Reviving the Retail Store Atmosphere
Showrooming, the act of researching a product in-store before purchasing online, has plagued retailers for years and enabled e-commerce to chip away at in-store sales. Lately, however, experts have noted the trend picking up the most steam is actually the opposite – savvy shoppers opting to browse options online prior to purchasing in-store. According to a report from Merchant Warehouse, webrooming, or reverse showrooming, is actually more prominent among U.S. consumers, with 69 percent of consumers conducting research online and then transacting in-store.
Yet while webrooming points to a rise in in-store buying behavior, retailers aren't yet in the clear. The growth of e-commerce and showrooming is still problematic for brick-and-mortar retailers. The strategies outlined below can assist retailers in making the in-store atmosphere relevant again and, in turn, boost customer loyalty and increase brick-and-mortar sales.
Brick-and-mortar retailers should embrace their online presence, ensuring all marketing and product offerings are fully integrated for an omnichannel approach. According to a survey by comScore, 40 percent of purchases are made crossing channels, whether searching in-store and purchasing online or vice versa. Therefore, an omnichannel approach to customer service and the shopping experience engenders the most customer satisfaction, which triggers loyalty and brand recognition.
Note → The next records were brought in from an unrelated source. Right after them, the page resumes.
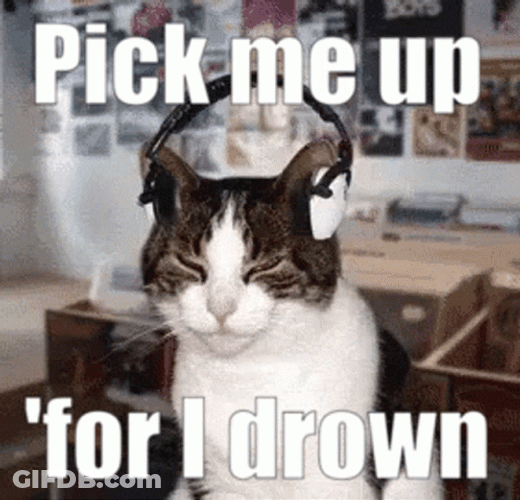 Cat Vibes Pick Me For I Drown GIF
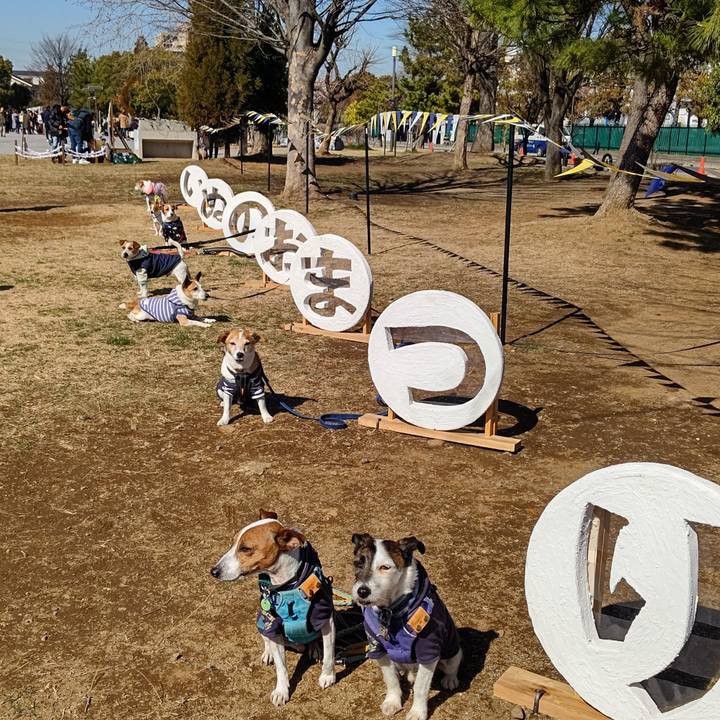 8e9a525e 5275 4750 8d16 b394f71803e6 1709452339526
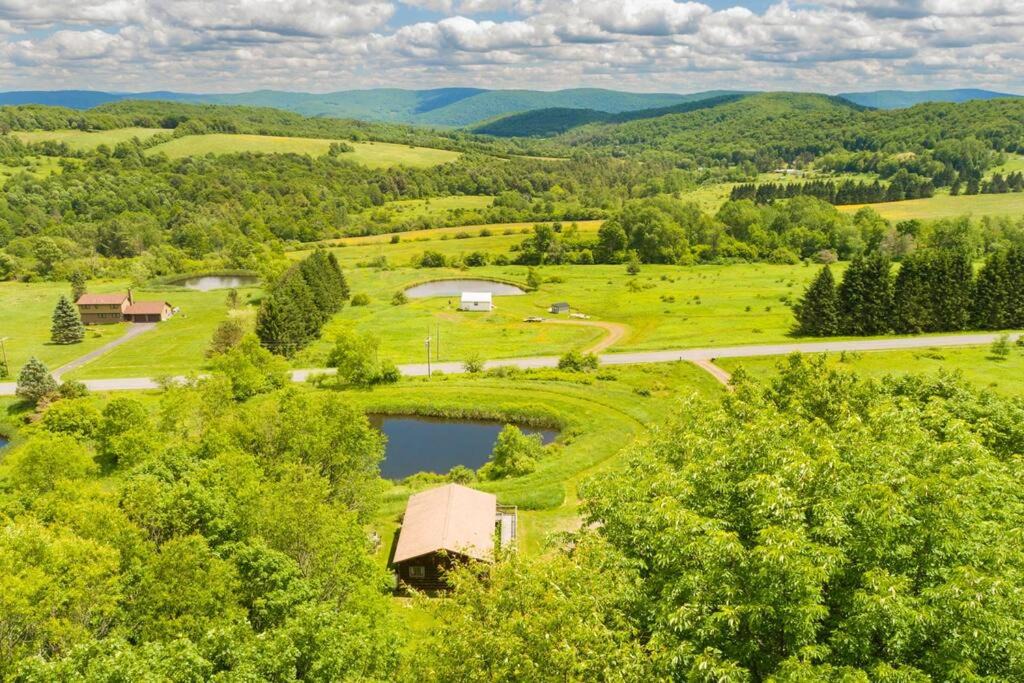 Photo of Outdoor in De Lancey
Further solidifying the need for omnichannel selling, the comScore survey found that the five most important things to consumers making purchases both in-store and online are the following:
- price consistency across shopping channels;
- the ability to ship out-of-stock items directly to their home;
- the option to track the status of an order;
- consistent product assortment across channels; and
- the ability to return online purchases to the store.
E-commerce experts agree that a streamlined and intuitive user experience is incredibly important in online retailing. The same can be said for in-store experiences. Storefronts are no longer just a utility. Savvy brick-and-mortar retailers are turning them into attractive destinations for trying out products, interacting with knowledgeable salespeople and even congregating with friends. Apple paved the way with its sleek stores and friendly, casual staff. Capital One introduced its 360 Cafes to develop a community among its customer base. More retailers are following suit.